# Hi all I am new and need help/advice



## catsy101 (Aug 3, 2010)

My husband and I have three sons together. They are 8, almost 5, and almost 4. I still want to have a little girl of our own. I have thought about someday adopting but I can't shake the idea of having our own. My husband doesn't want any more children, he says he is happy with our boys and done. He wants to get fixed... I can't stand the thought of that. His father got fixed after having five children and lost his entire sexual drive. Well I have told him I am worried about that and he says 1. He isn't his dad, and 2. His mom practically made his dad so his dad was resentful. He says, I won't have you to blame because I want to do this. Well that isn't my real problem with this, it is my excuse. My real reasons are that 1. This is way too final and I want a little girl someday and maybe someday he will want another one as well. 2. No offense to anyone who has had this done but I don't want to be married to someone who is neutered, and I just KNOW my sexual drive is going to be non-existent when it comes to him if he does this. 

I had a dream about him doing this just last night, and one week after he wants sex and I say no, I don't feel well. The dream jumped to two weeks, and I am still saying no. Two months and he is looking to file for divorce and we haven't done anything. Maybe it's just me but it makes me feel like he isn't even a male anymore. I can see this whole thing turning into a divorce or something. 

And I want more kids and it makes me feel like he isn't even considering what I want.
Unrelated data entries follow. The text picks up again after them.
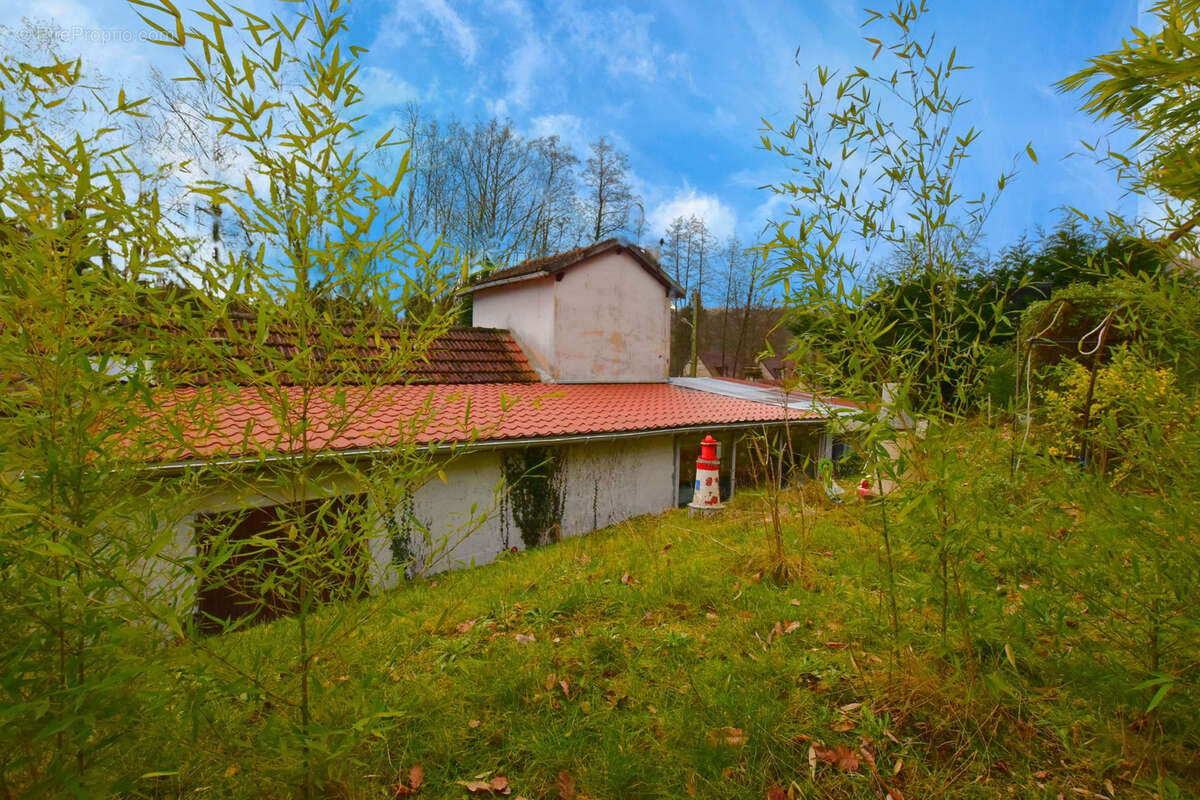 Maison à LES ESSARTS-LE-ROI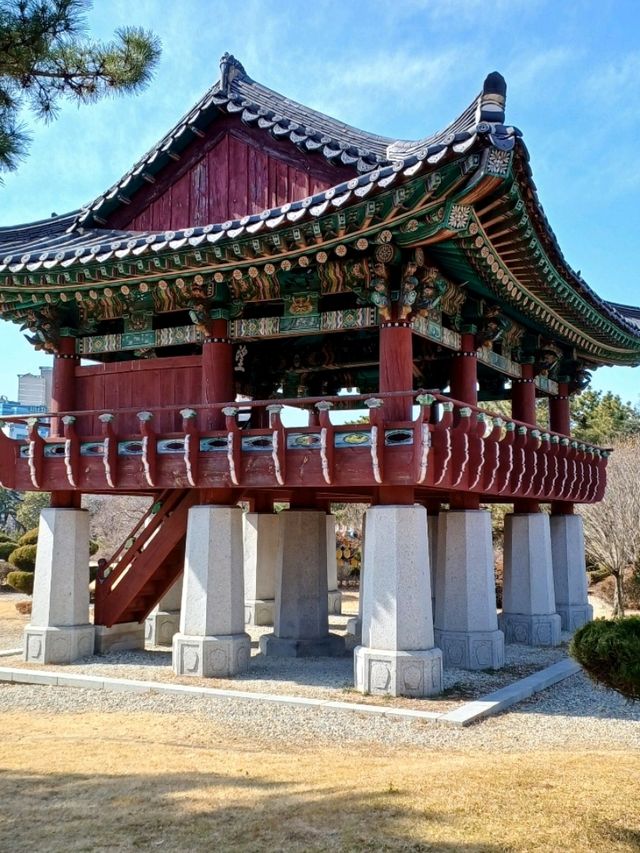 초록에 둘러싸여 걷는 예술 산책길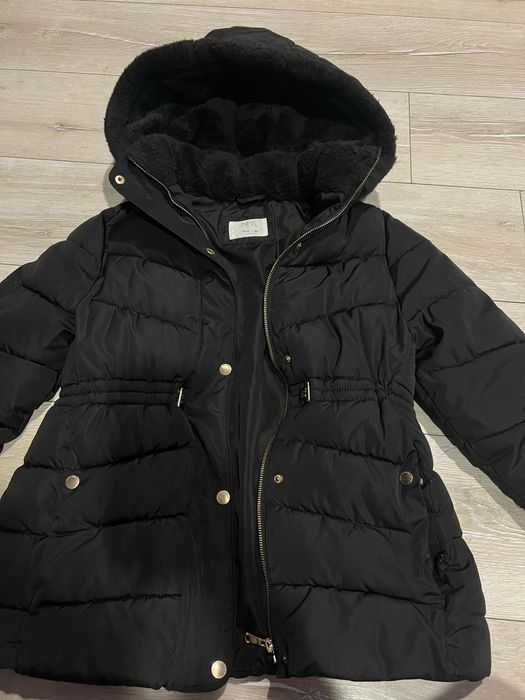 Куртка Zara на девочку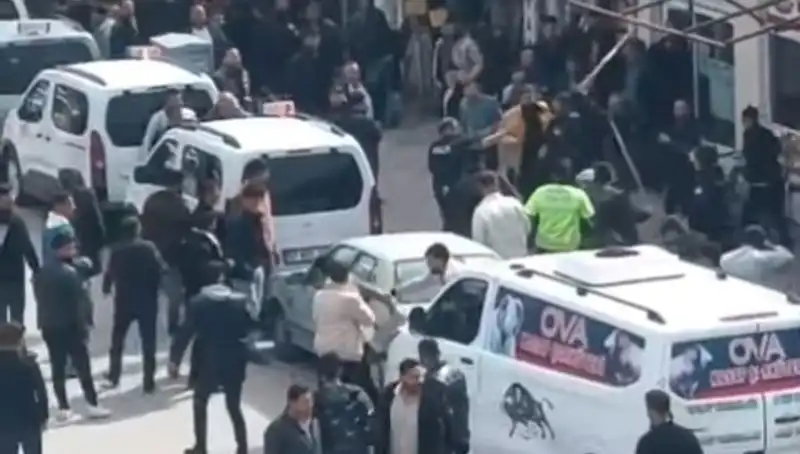 Erciş’te Taşlı Sopalı Kavgada 7 Kişi Gözaltına Alındı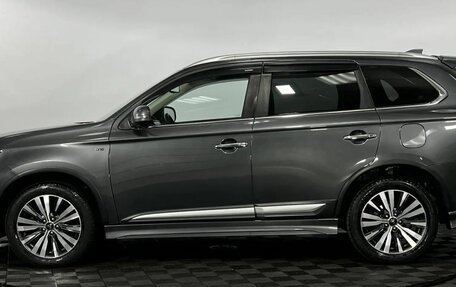 Mitsubishi Outlander III рестайлинг 3, 2019 год, 2 650 000 рублей, 9 фотография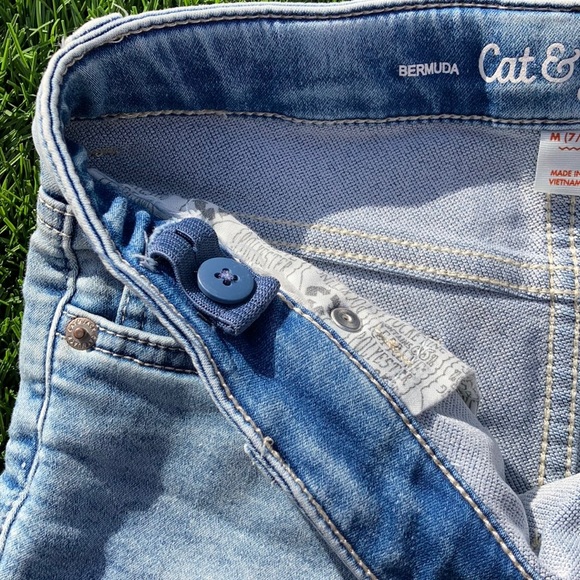 Cat & Jack Jean shorts // Girls Size M 7-8 - Picture 5 of 6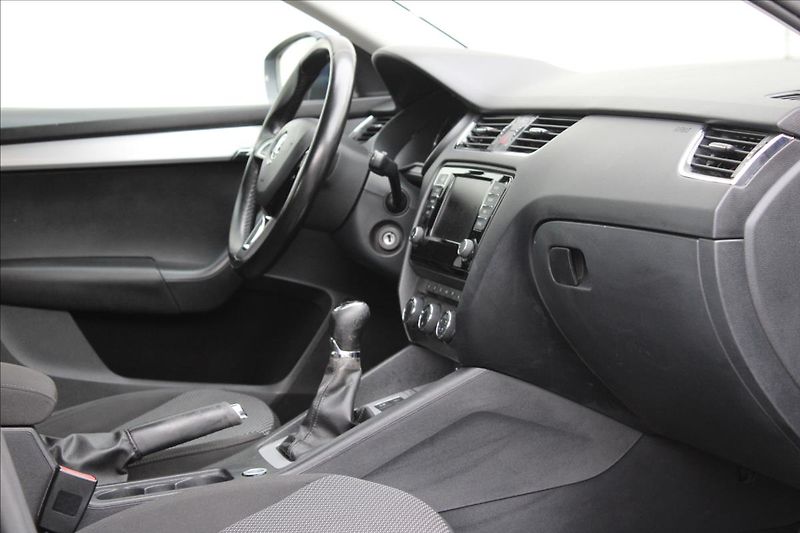Škoda Octavia 1.6 TDI/81 kW/Ambition/ CZ - fotka 29 z 39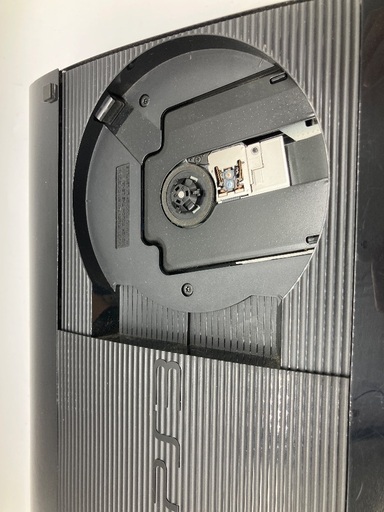 【トレファク足立扇店】PlayStation3 SONY CECH-4000C ｺﾝﾄﾛｰﾗｰ1個付 AV･USBｹｰﾌﾞﾙ付
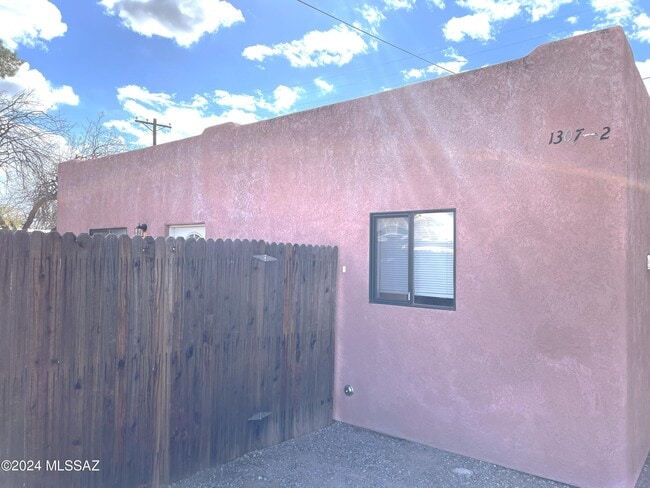 Photo - 1307 W St Clair St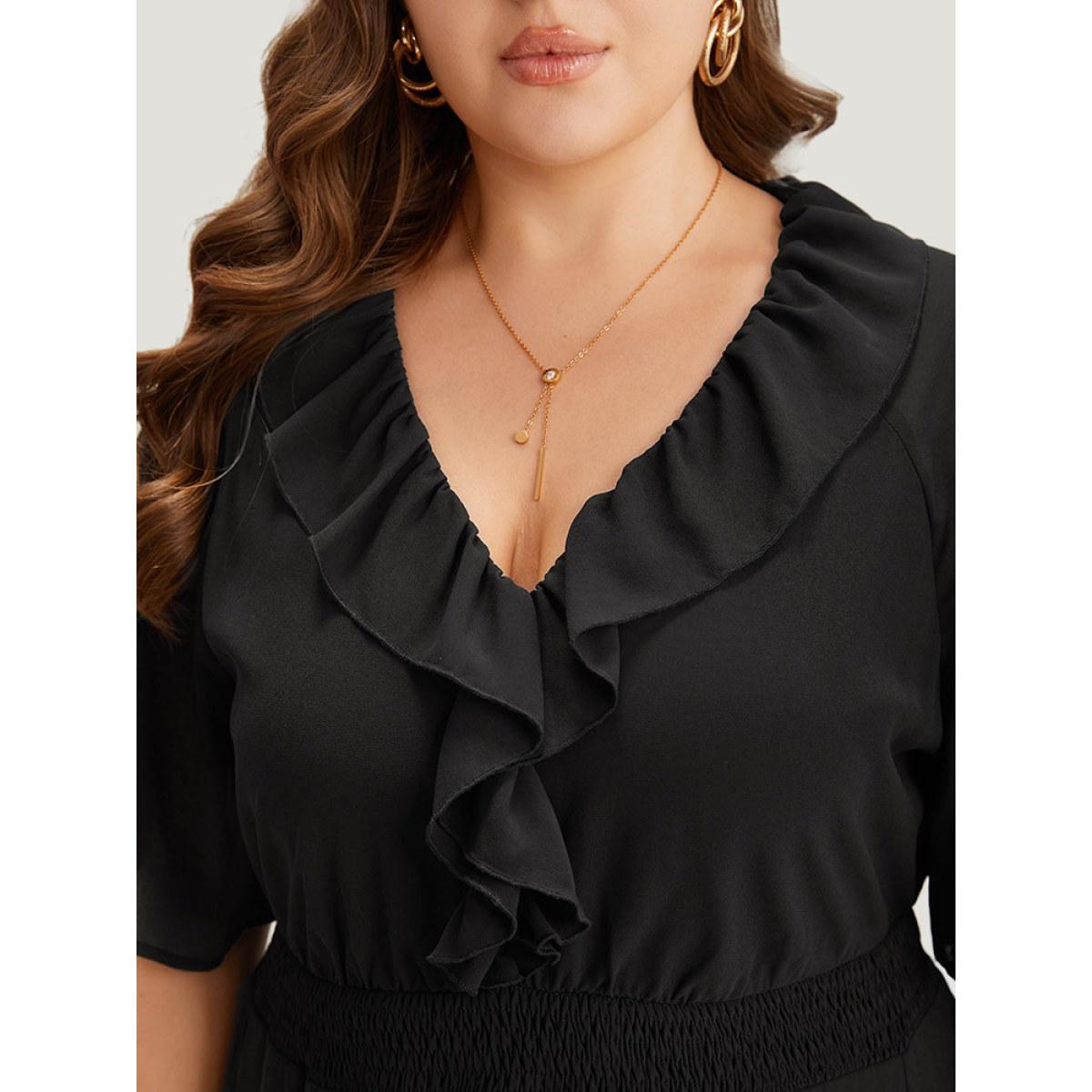 Plus Size Plain Ruffle Trim Pocket Shirred Dress Black Women Elegant Plain V-neck Half Sleeve Curvy Midi Dress BloomChic 28/5X Product Image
He said we can adopt. I said I want our own. He said, I can get it reversed if we both feel that way. I reminded him that my father and step-mom have tried to get my dad's reversed without any luck at all. She has finally decided the two of them will not have kids of their own. Ouch! He says now a day this is easier to reverse. I tell him I am on good birth control, the mirena 5 yr. He says those sometimes fail. I am just so frustrated. If he does this, it will break up our marriage. I just know it. And he won't get any sympathy from me while he is icing his area because it hurts so much for a week. He'll be like can you get me a glass of water? And I will be like, I didn't want you to do this in the first place, so NO. Get your own damned glass of water. If he asks for the remote, I would probably be ticked enough to toss it at his crotch. I'm just... I just don't want him to do this.


----------



## Mal74 (Dec 24, 2009)

So it's pretty clear that you want more kids and you feel that he isn't considering your wants. 

Are you considering his?


----------



## Atholk (Jul 25, 2009)

I have multiple contacts with women that lose all sexual interest in their husband after they have a vasectomy. Including those that actively wanted him to get it done. It really is a marriage ender for some people.


----------